Iran rejects Trump’s threats over detained US citizens

Tehran calls for release of Iranians imprisoned in the US as it criticises White House demands to free US citizens.

Iran foreign ministry spokesman
Washington and Tehran severed diplomatic relations in 1980 [File: Abedin Taherkenareh/EPA]

The Iranian government has rejected Washington’s demands to free detained US citizens, saying it had no control over the judiciary and calling for the release of Iranian prisoners from the United States.

Bahram Ghasemi, Iran’s foreign ministry spokesman, in a statement on Saturday that “the judiciary, courts and judges in Iran are completely independent, as in any other country”.

“Any interventionist and threatening statement by American officials and institutions has no effect on the will and determination of the country’s judicial system to try and punish criminals and violators of the country’s laws and national security,” he said.
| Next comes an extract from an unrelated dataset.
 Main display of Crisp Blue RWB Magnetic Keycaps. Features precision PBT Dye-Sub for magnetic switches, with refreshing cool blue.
Ghasemi also said “America should quickly release Iranian prisoners in the country”, claiming the US has convicted several Iranians in recent years on “baseless and unfounded grounds”.
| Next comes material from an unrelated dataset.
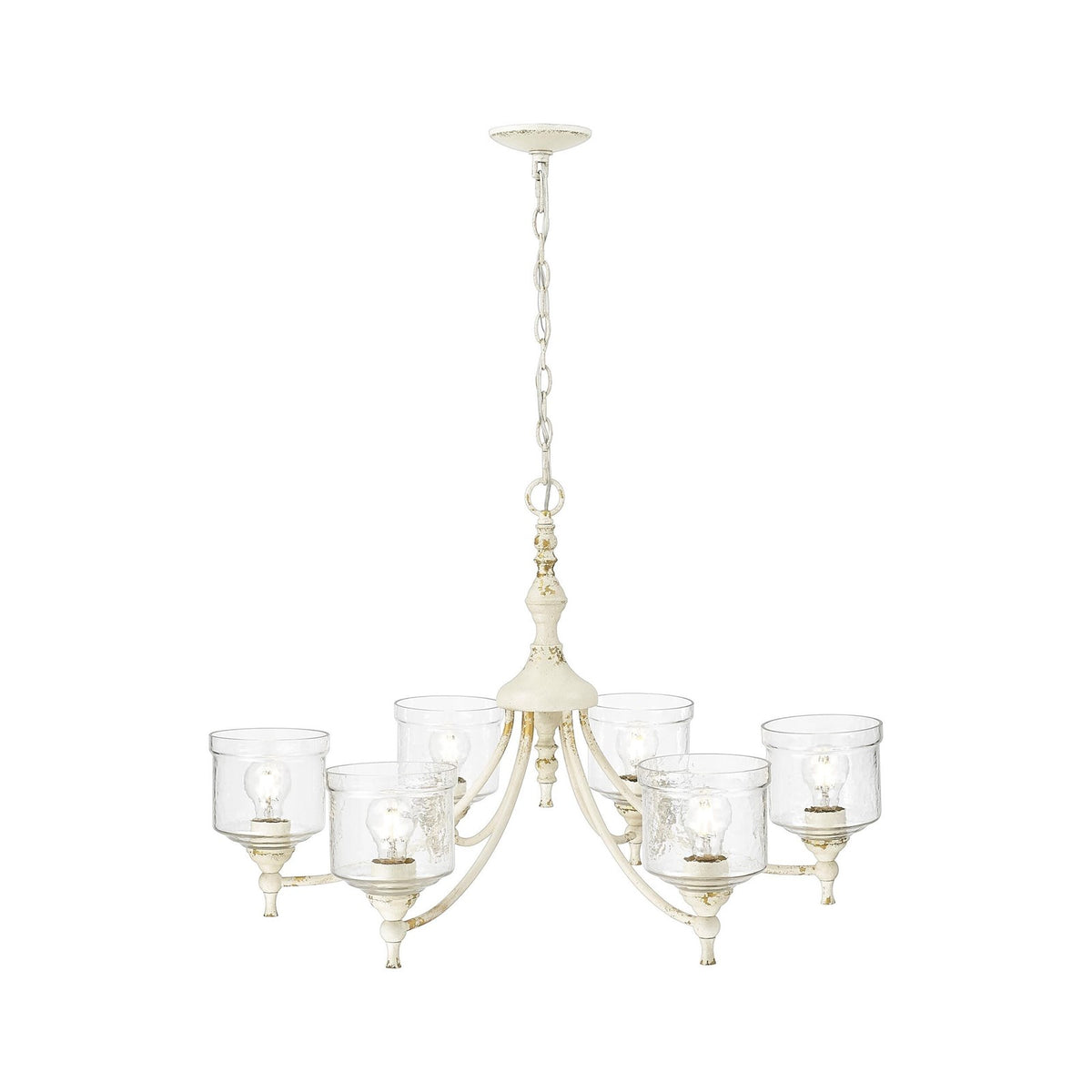 Golden Lighting Keating 33in 6-Light Chandelier | Farmhouse Antique Ivory and Hammered Water Glass | Dining Room & Foyer | Model 0806-6 AI-HWG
He was responding to a White House statement issued on Friday, which said: “President (Donald) Trump is prepared to impose new and serious consequences on Iran unless all unjustly imprisoned American citizens are released and returned.”
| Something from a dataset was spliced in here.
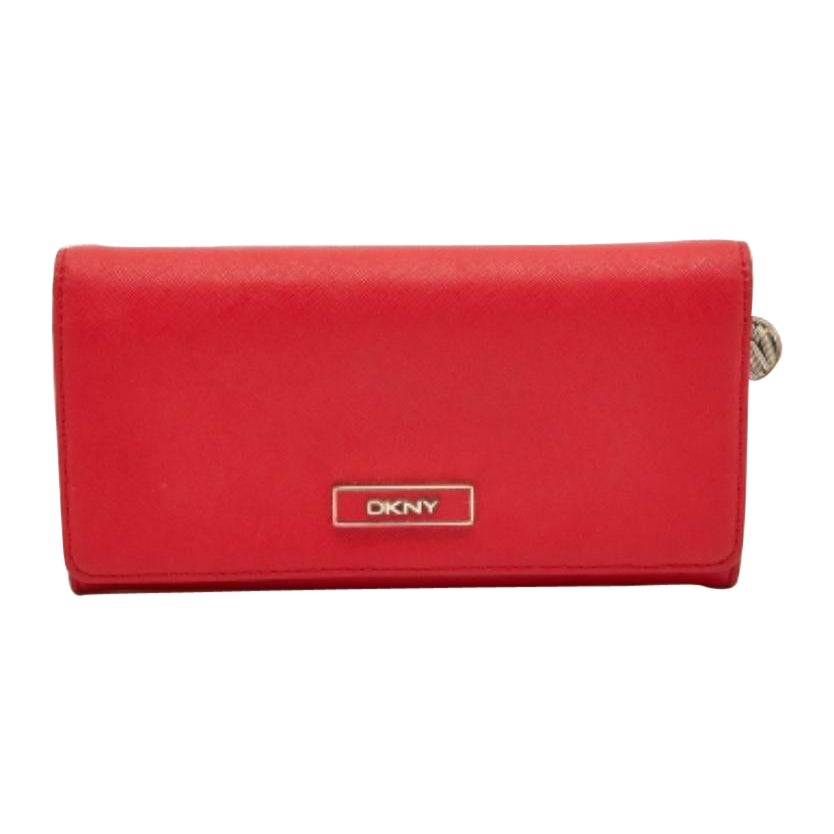DKNY Red Leather Flap Continental Geldbörse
It followed the 10-year sentence for espionage given to a Chinese American researcher from Princeton, Xiyue Wang, earlier in the week.

The statement mentioned Wang, along with jailed US-Iranians Siamak and Baquer Namazi, and ex-FBI agent and CIA contractor Robert Levinson who went missing in March 2007.

“As announced to American officials several times, the person called Robert Levinson travelled to Iran many years ago and Iran holds no new information on his fate after he left Iranian territory,” Ghasemi said.

Washington and Tehran severed diplomatic relations in 1980 when US embassy staff were taken hostage for 444 days.

Trump has taken an aggressive approach to Iran, but has so far stopped short of annulling the nuclear deal that eased sanctions on the country, as he had threatened on the campaign trail.